This invention relates to fractionation processes in which two or more compounds are separated.
The separation of compounds by fractionation is an old and well-developed art. Fractionation is one of the most widely used processes in petroleum refining and chemical processing. Separation of chemical compounds is frequently carried out in a fractionating tower containing a stripping section and a rectifying section located below and above the feed point, respectively. These two sections commonly operate at the same pressure. Heat is normally applied at the bottom of the stripping section to reboil the bottoms liquid and heat is removed at the top of the rectifying section. The separation occurs in the fractionation column due to volatility differences between the compounds. The light components vaporize and the heavier or higher-boiling compounds condense so that the lighter components go overhead as a vapor and the heavier components go out the bottom as liquid. A condenser is normally used to condense at least a portion of the rectifying section overhead product so it can be returned to the top as reflux. The condensed reflux liquid passes down through the tower with heat and mass transfer occurring. Typically, a large portion of the heat removed from the overhead vapors is wasted in a condenser where it is heat exchanged with air or cooling water. This happens because the overhead vapors are normally at a low temperature level not suitable for generation of steam or other use. Also, all the heat input to the reboiler is normally from an external source. As a result of these factors, most fractionating towers are somewhat thermally inefficient.

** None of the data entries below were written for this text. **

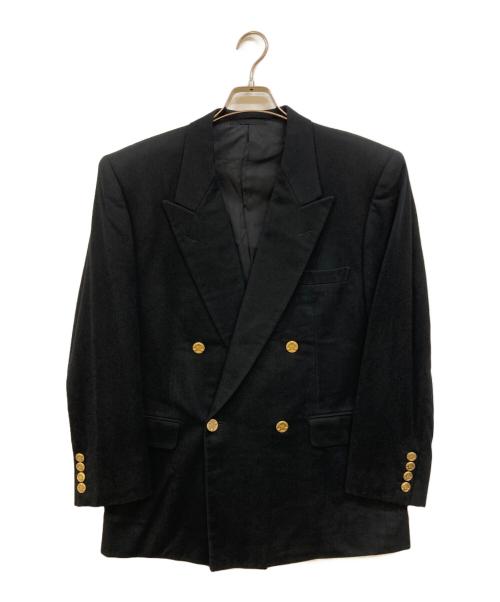 Christian Dior MONSIEUR（クリスチャンディオールムッシュ）Christian Dior MONSIEUR (クリスチャンディオールムッシュ) ロゴ金釦 カシミヤダブルジャケット ブラック サイズ:A4の古着・服飾アイテム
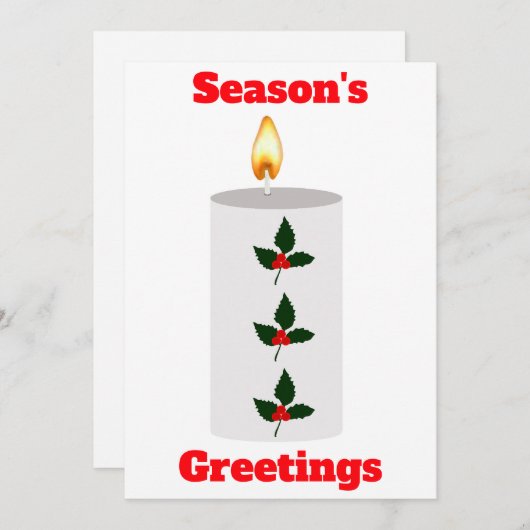 Seizoengroeten Witte Kaars Met Hulst Kaart (Voorkant / Achterkant)
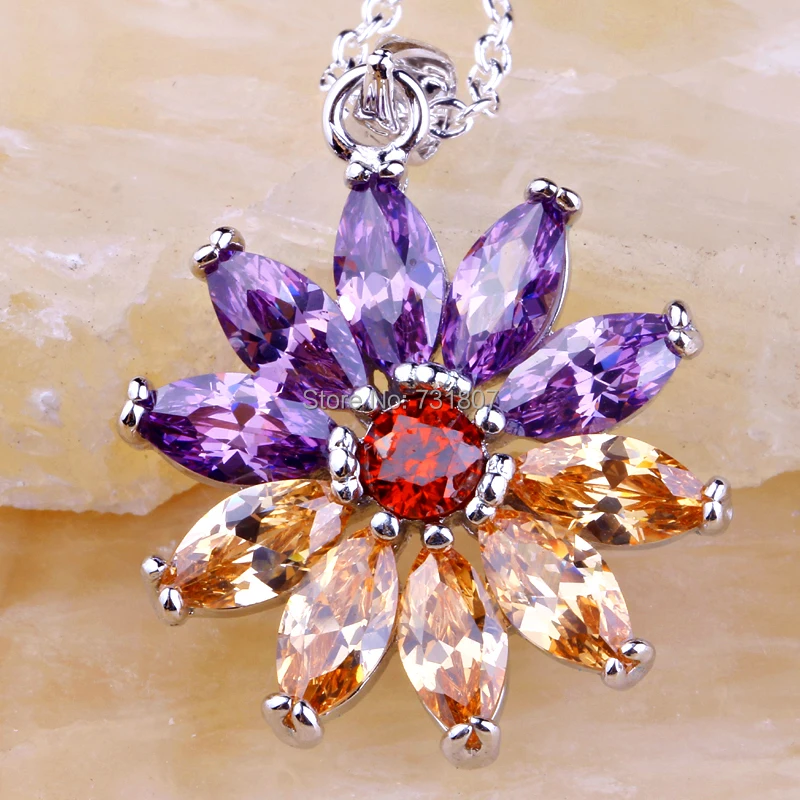 Ожерелье с подвеской JROSE опт в форме причудливого цветка фиолетового и морганита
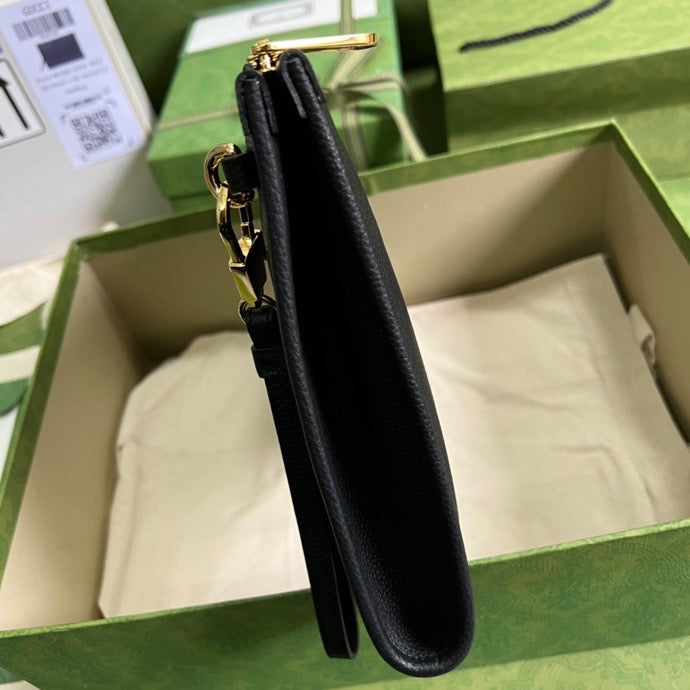 gg Clutch With gg Logo Black For Men 12in/31cm gg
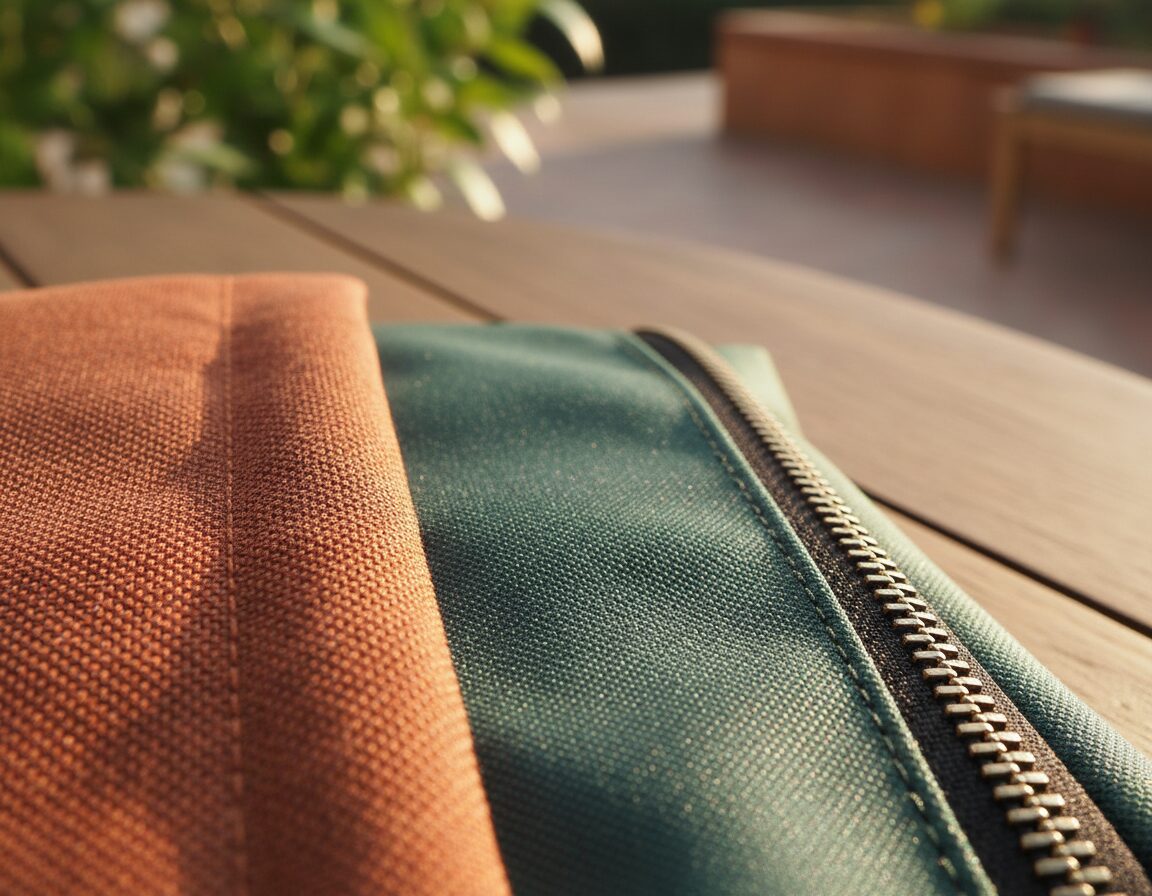 A close-up view of high-quality travel backpack materials on a wooden table, showcasing three sections: a vibrant denier fabric with visible texture, a durable DWR (Durable Water Repellent) coating glistening under soft afternoon light, and a sturdy zipper with intricate teeth design reflecting craftsmanship. The background features blurred natural elements, like a lush green plant and a soft-focus outdoor scene, creating a warm, inviting atmosphere. The lighting should be soft and natural, with a warm color palette to evoke a cozy mood. Focus on capturing the details of the materials, emphasizing their quality and functionality without any human presence.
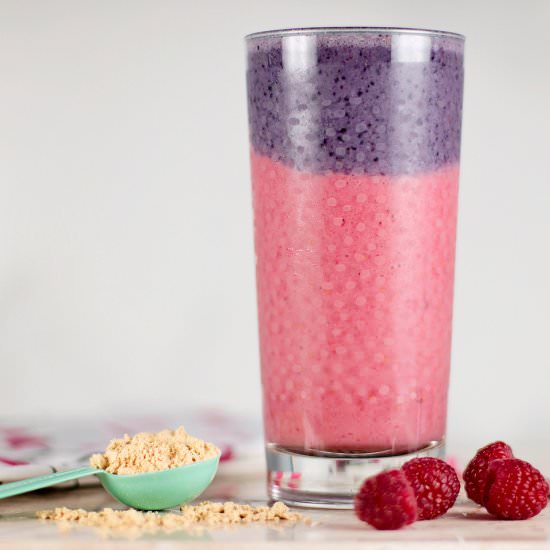 Layered Peanut Butter Berry Smoothie - Recipe photo by xoxoBella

It is known in the art that in certain situations compressors, which are often referred to as heat pumps in this context, may be used to advantage to reduce the utility cost of operating a fractionation process. This recognition has led to the utilization of a compressor (heat pump) to reboil the stripping section of a fractionation column by heat exchange of bottoms liquid and compressed overhead vapors of the same column. The prior art method of utilizing a heat pump in a fractionation process is described in an article starting at page 85 of the Sept. 1, 1975 edition of the Oil & Gas Journal. In this prior art system, the overhead vapor is compressed to raise its pressure and temperature and is then passed to the reboiler located at the bottom of the column. The heat exchange in the reboiler causes the condensation of some of the overhead vapor to produce a product liquid. Part of this condensed liquid is used as reflux. The heat given off in the condensation of the overhead vapors is transferred to the bottoms liquid from the stripping section to provide reboil heat.
A variation of the heat pump fractionation process described in the above-mentioned Oil & Gas Journal article is described in U.S. Pat. No. 4,137,129. The prior art fractionation processes utilizing heat pumps all use a single distillation column operated at a common pressure in both the stripping and rectifying sections.
In many fractionation processes, there are advantages in conducting the stripping portion of the fractionation at a low temperature and pressure. The tendency of the bottom materials to polymerize is reduced at lower temperatures, thus reducing fouling in the lower section of the distillation column. Also, the stripping operation is more efficient at lower pressures.
Similarly, there are advantages in operating the rectifying section at higher pressure, as this enables condensation of overhead vapors at more readily available temperatures, and the rectification process is more efficient at higher pressures.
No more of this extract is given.